Source data:
⟨

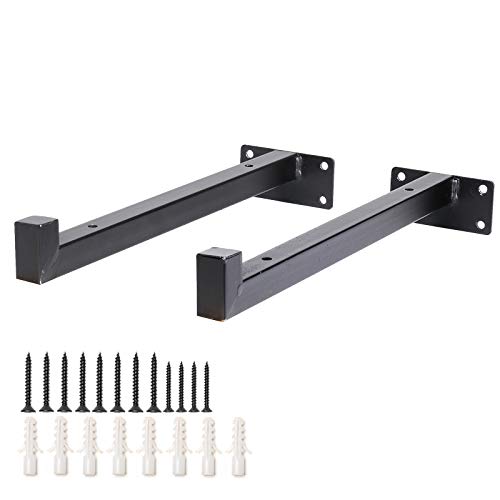 Preisvergleich Produktbild Hosko Regalträger, Regal-Halterungen aus Eisen Regal Unterstützung Wandkonsole Regalhalter Schwerlastträger für Wandregal Warehalter, 2 Stück Schwarz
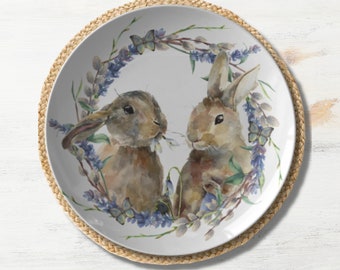Spring Bunnies Dinner Plate - Easter Rabbits Plate, Easter Dinnerware,  Bunny Plates,  Easter Table Decor, Easter Dishes, Rabbit Lover Gift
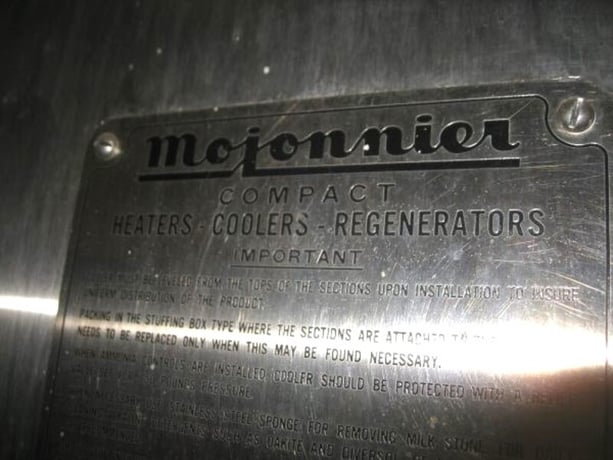 Mojonnier #8640, Plate Cooler, (5) 14" width x 50" H plates, 2" NPT nozzles, 1-1/4" diameter Outlet - Image 8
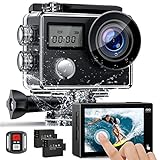 Waterproof Action Camera 4K,CAMWORLD 20MP Ultra HD Video with Front & Touch Rear Screens,131ft...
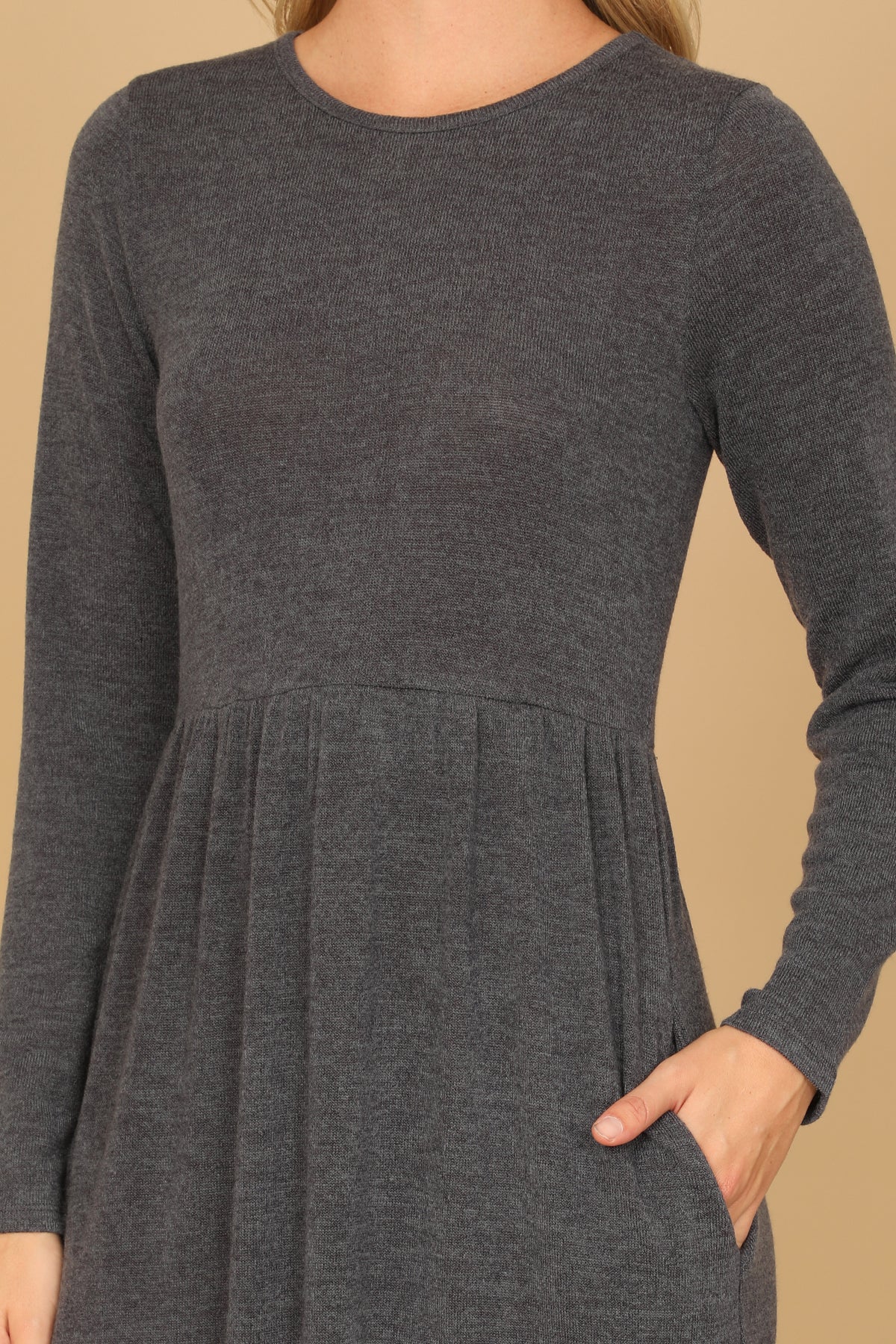 Long Sleeve Crew Neck Tiered Dress with Pockets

⟩

- [Your goal]:
Give back exactly the lines running from the one that contains "Spring Bunnies Dinner" to the end of the records, including both of those lines and excluding every picture.

- [Answer to this task]:
Spring Bunnies Dinner Plate - Easter Rabbits Plate, Easter Dinnerware,  Bunny Plates,  Easter Table Decor, Easter Dishes, Rabbit Lover Gift
 Mojonnier #8640, Plate Cooler, (5) 14" width x 50" H plates, 2" NPT nozzles, 1-1/4" diameter Outlet - Image 8
 Waterproof Action Camera 4K,CAMWORLD 20MP Ultra HD Video with Front & Touch Rear Screens,131ft...
 Long Sleeve Crew Neck Tiered Dress with Pockets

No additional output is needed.